A total of 63,757 elderly patients were included in the study, with a 28-day mortality of 6.5%. The univariate analysis indicated that elevated BUN quartiles were associated with an increased risk of mortality. The results of the multivariate analysis further confirmed the non-linear relationship between BUN and mortality. When BUN was less than 32 mg/dL, there was a significant positive association, with an adjusted odds ratio of 1.230 (95% CI: 1.154-1.311, p<0.0001) for every 10 mg/dL increase in BUN. However, when BUN was greater than or equal to 32 mg/dL, BUN level had no significant effect on mortality.

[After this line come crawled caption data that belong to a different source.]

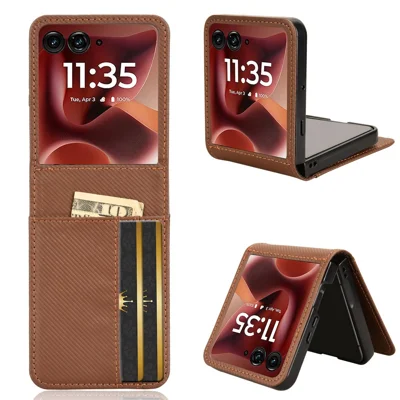 Card Holder Case For Motorola Razr 70 Ultra / 60 Ultra 5G / Razr Ultra 2026 5G / 2025 5G PU Leather + PC Mobile Phone Cover - Brown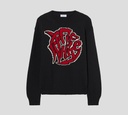 Off White - SWEATER NEGRO TEJIDO CON PATRON DE GRAFFITI AL FRENTE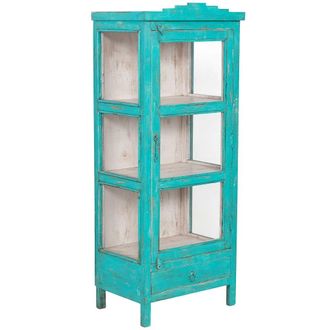 Wanderlust Deco Vitrina De Madera Artesanal Verde 58x40x144h Cm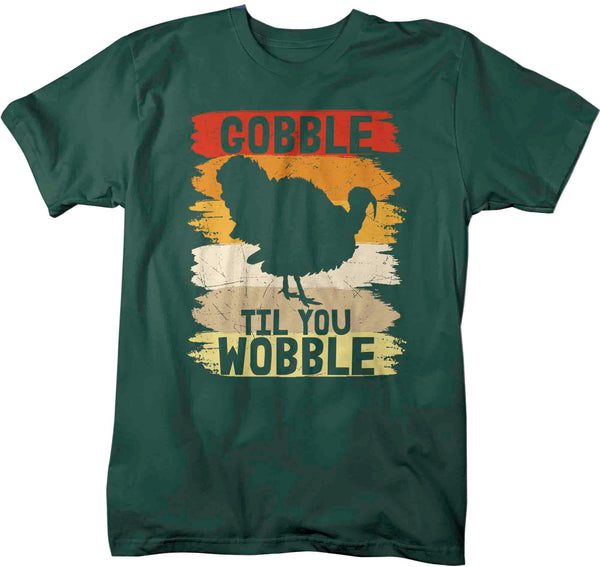 Men's Funny Thanksgiving TShirt Gobble Til You Wobble Shirts Vintage T Shirt Holiday Tee Unisex Soft Vintage Graphic T-Shirt-Shirts By Sarah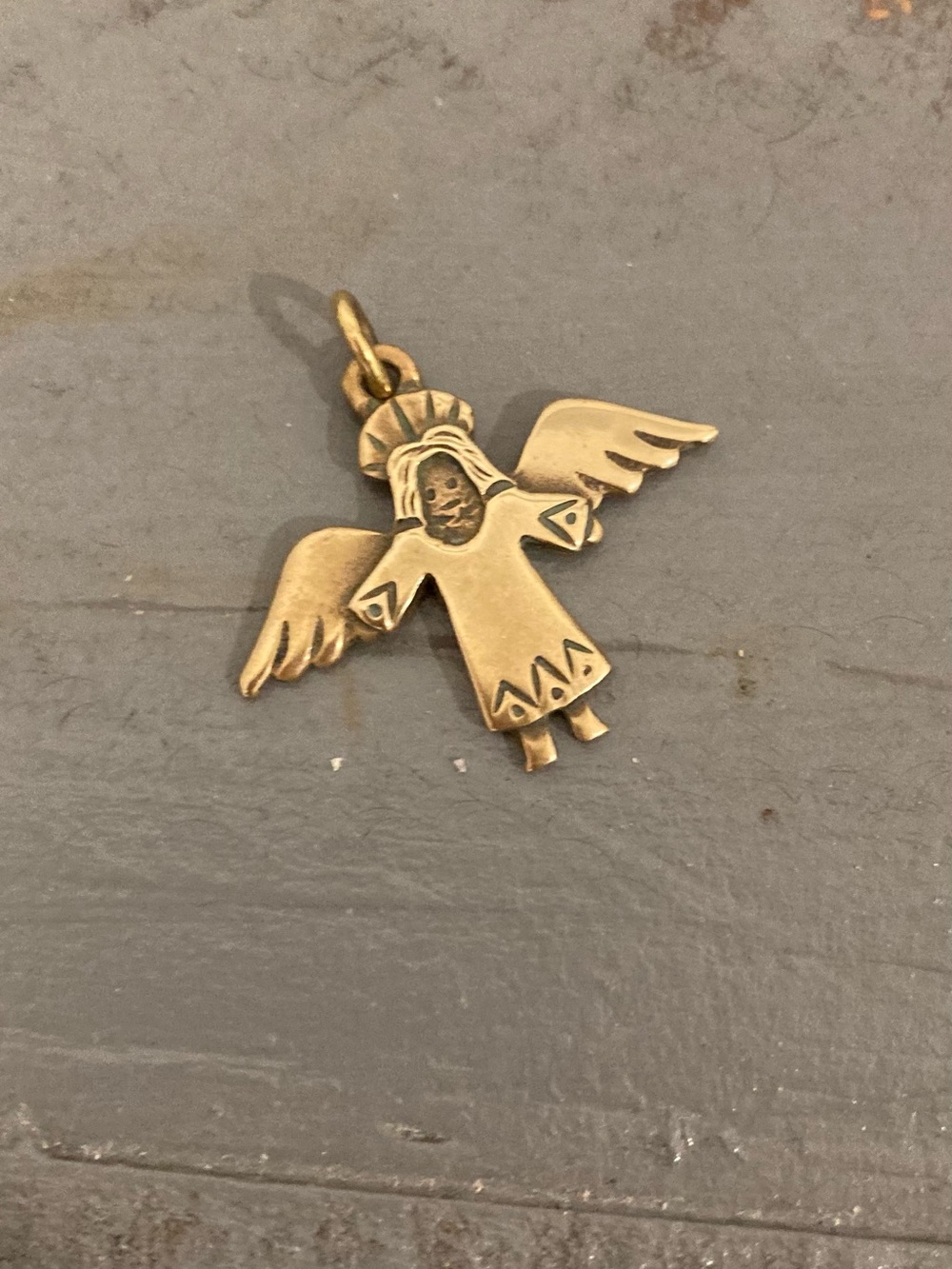 Vintage Jeep Collins Signed Brass Angel Charm Pendant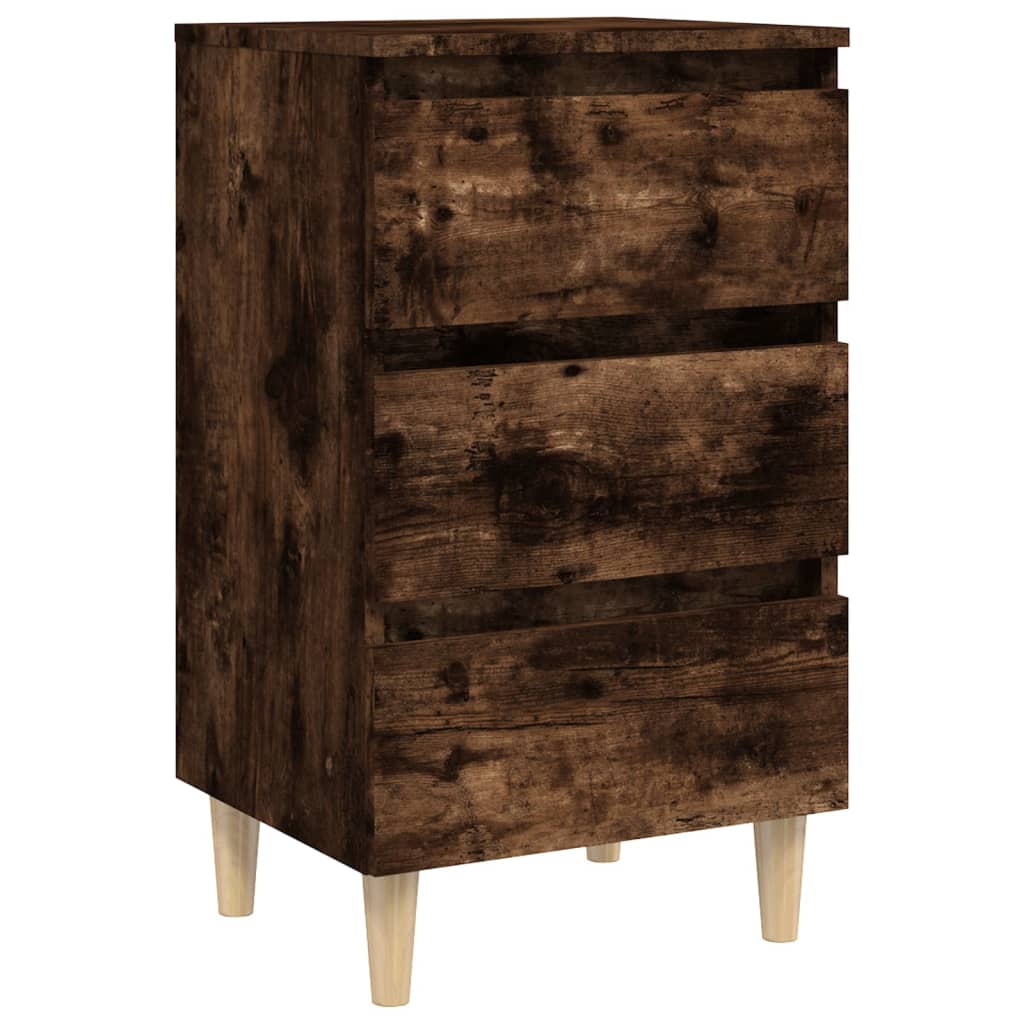 Tables de chevet 2 pcs. Pieds en bois massif chêne fumé 40x35x69 cm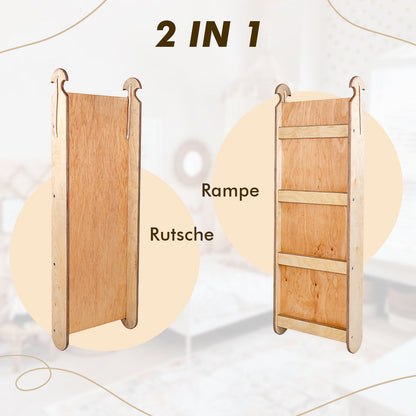 4in1 Montessori Klettergerüst Set: Kletterdreieck mit Rutsche, Kletterbogen mit Kissen, für Kinder 1-7 Jahre – Beige-3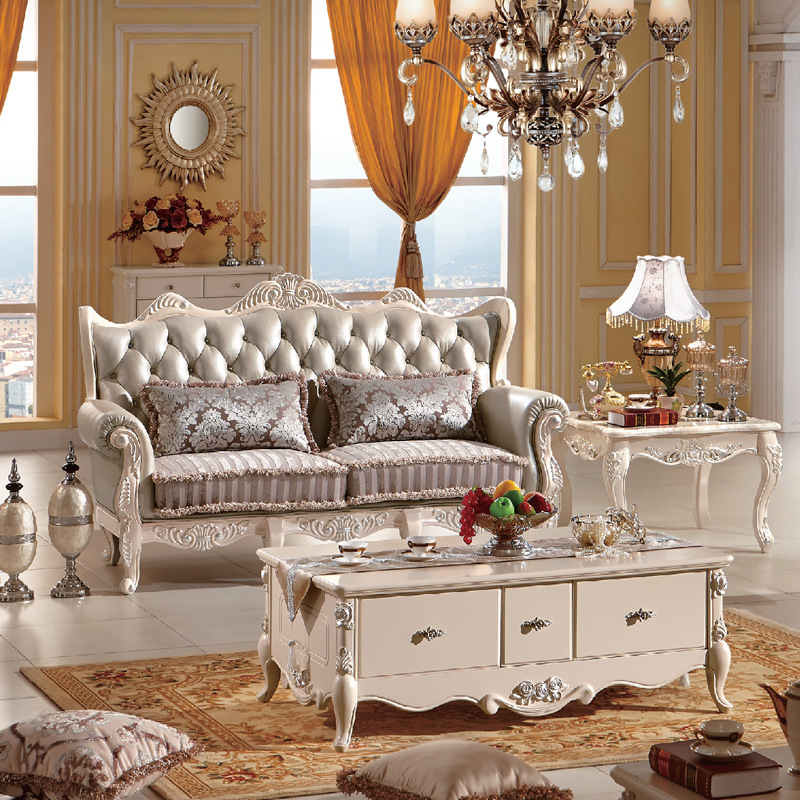 捷娜卡琳 头层皮实木雕花沙发组合 家用客厅家具 北欧休闲沙发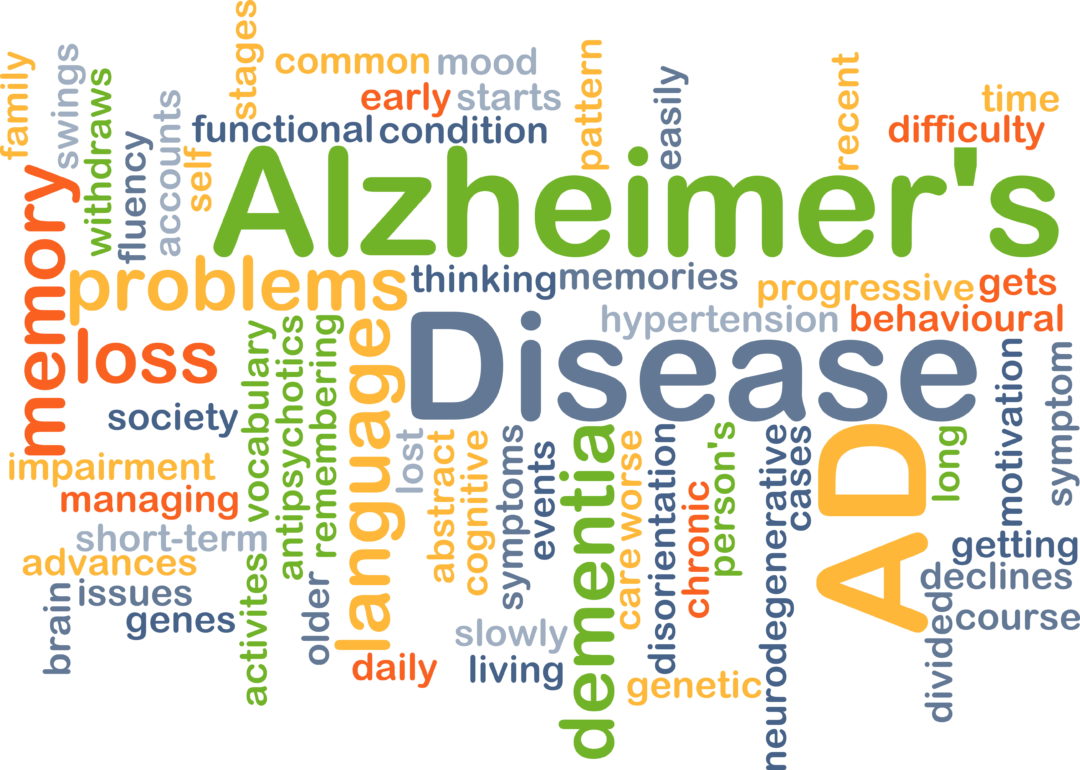 Background concept wordcloud illustration of Alzheimer’s disease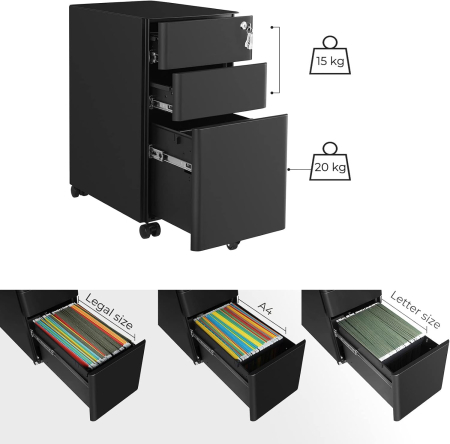SONGMICS Dulap birou rollbox, cu 3 sertare si roti, corp metalic preasamblat cu incuietoare, pentru documente A4, 46x30x59 cm, negru [6]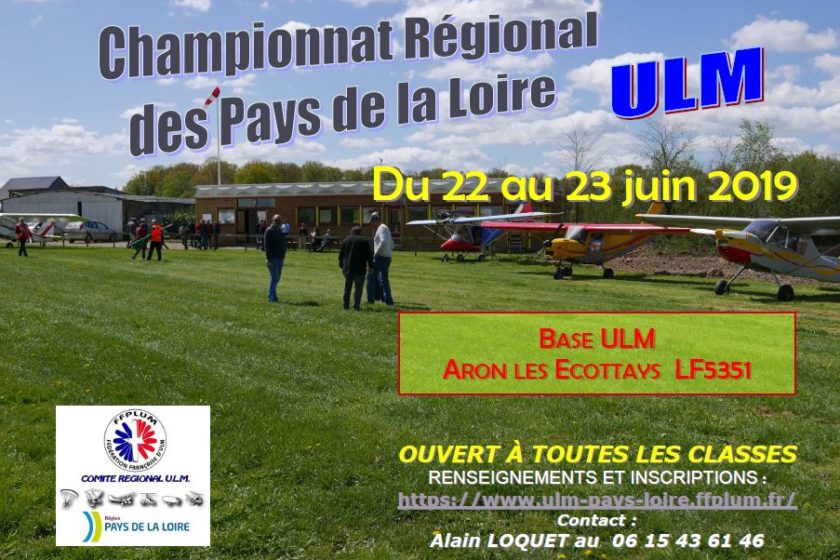 Affiche du championnat régional ULM 2019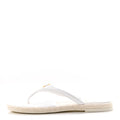 Lambskin Quilted Thong Espadrille Sandals 36 White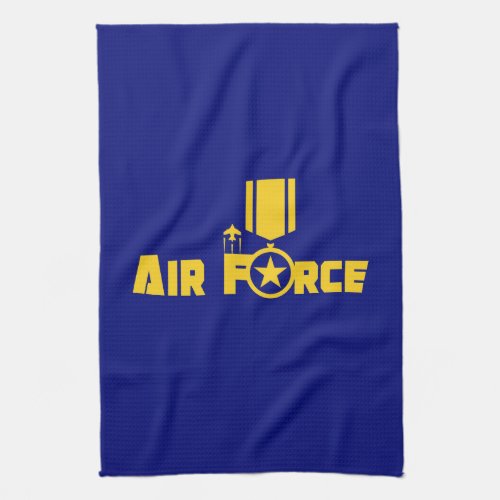 Air Force Military Star Medal Aircraft Blue Gold Kitchen Towel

BUN showed a nonlinear, threshold correlation with 28-day mortality in critically ill patients. The higher the BUN, the greater the risk of death if the BUN is below the threshold.
血尿素氮(BUN)是评估肾功能和神经内分泌活动常用的生物标志物。既往研究表明,BUN水平升高与各类重症患者人群死亡率增加相关。本研究的重点是调查重症监护患者中BUN与28天死亡率之间的关系。
这是一项多中心回顾性队列研究,利用了eICU协作研究数据库中的数据。主要暴露变量为BUN,结局为28天死亡率。以下变量作为协变量纳入:年龄、性别、体重指数、白细胞计数、肌酐、格拉斯哥昏迷评分(GCS)、急性生理与慢性健康状况评分系统IV(APACHE IV)评分以及糖尿病。统计分析包括单变量和多变量逻辑回归,以及广义相加模型,用于评估BUN与死亡率之间的非线性关系。
本研究共纳入63757例老年患者,28天死亡率为6.5%。单变量分析表明,BUN四分位数升高与死亡风险增加相关。多变量分析结果进一步证实了BUN与死亡率之间的非线性关系。当BUN低于32mg/dL时,存在显著正相关,BUN每升高10mg/dL,调整后的比值比为1.230(95%CI:1.154 - 1.311,p<0.0001)。然而,当BUN大于或等于32mg/dL时,BUN水平对死亡率无显著影响。
在重症患者中,BUN与28天死亡率呈非线性、阈值相关性。如果BUN低于阈值,BUN越高,死亡风险越大。